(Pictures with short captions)
======
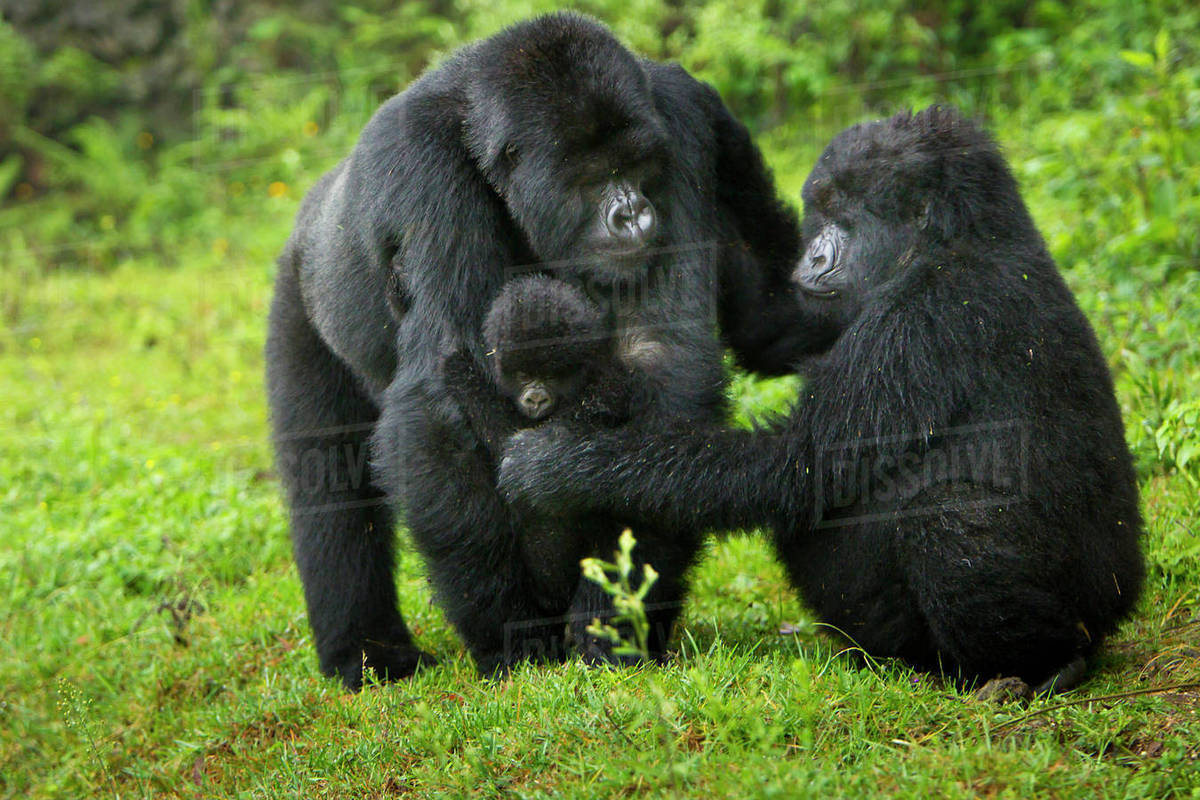 Africa Rwanda A Blackback Young Adult Male Mountain Gorilla Gorilla Gorilla Beringei With A Female And Juvenile Of The Kwitonda Group Just Outside The Buffalo Wall Stock Photo Dissolve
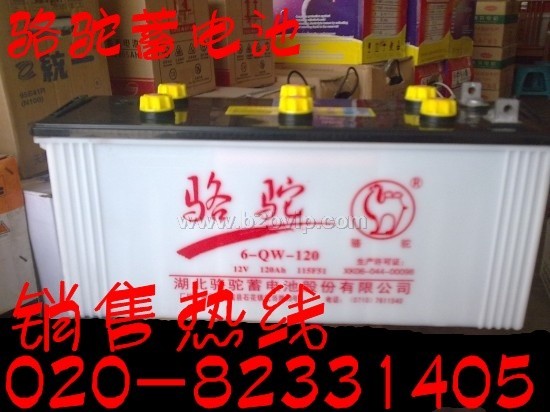 骆驼蓄电池，骆驼牌电池，骆驼电瓶，骆驼电池，骆驼牌蓄电池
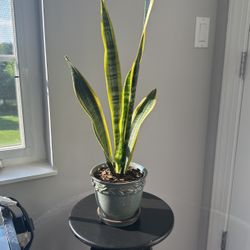 24 hour, pure oxygen producing brand new plant in a brand new ceramic gorgeous pot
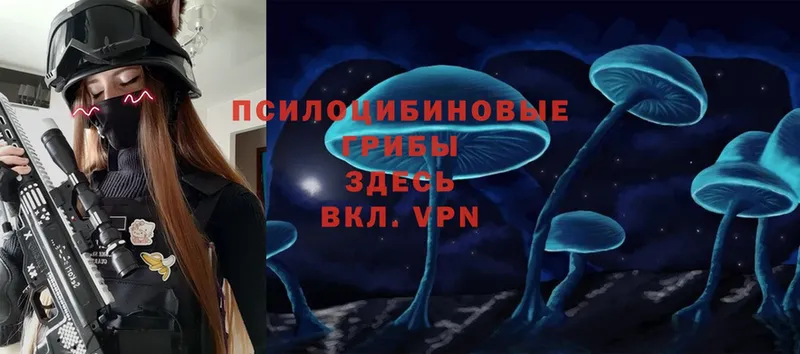 darknet формула  Курган  Псилоцибиновые грибы Psilocybe 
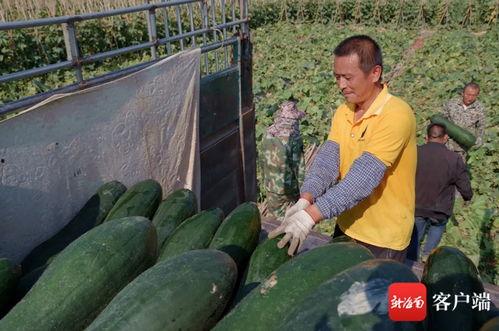 饶阳瓜菜今日价格行情,今日价格行情一览”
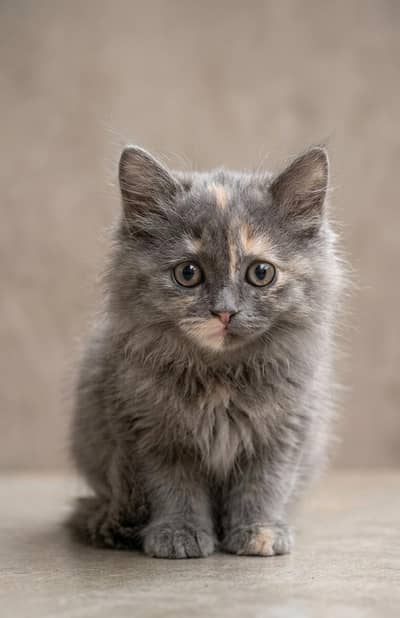 Persian Kitten Available – Healthy & Playful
======
▶ **ACTIVITY**
Without the pictures, retype exactly the lines from the one that holds "Псилоцибиновые грибы Psilocybe" to the last line of the data above, both of them included.

▶ **EXERCISE RESPONSE**
 darknet формула  Курган  Псилоцибиновые грибы Psilocybe 
 饶阳瓜菜今日价格行情,今日价格行情一览”
 Persian Kitten Available – Healthy & Playful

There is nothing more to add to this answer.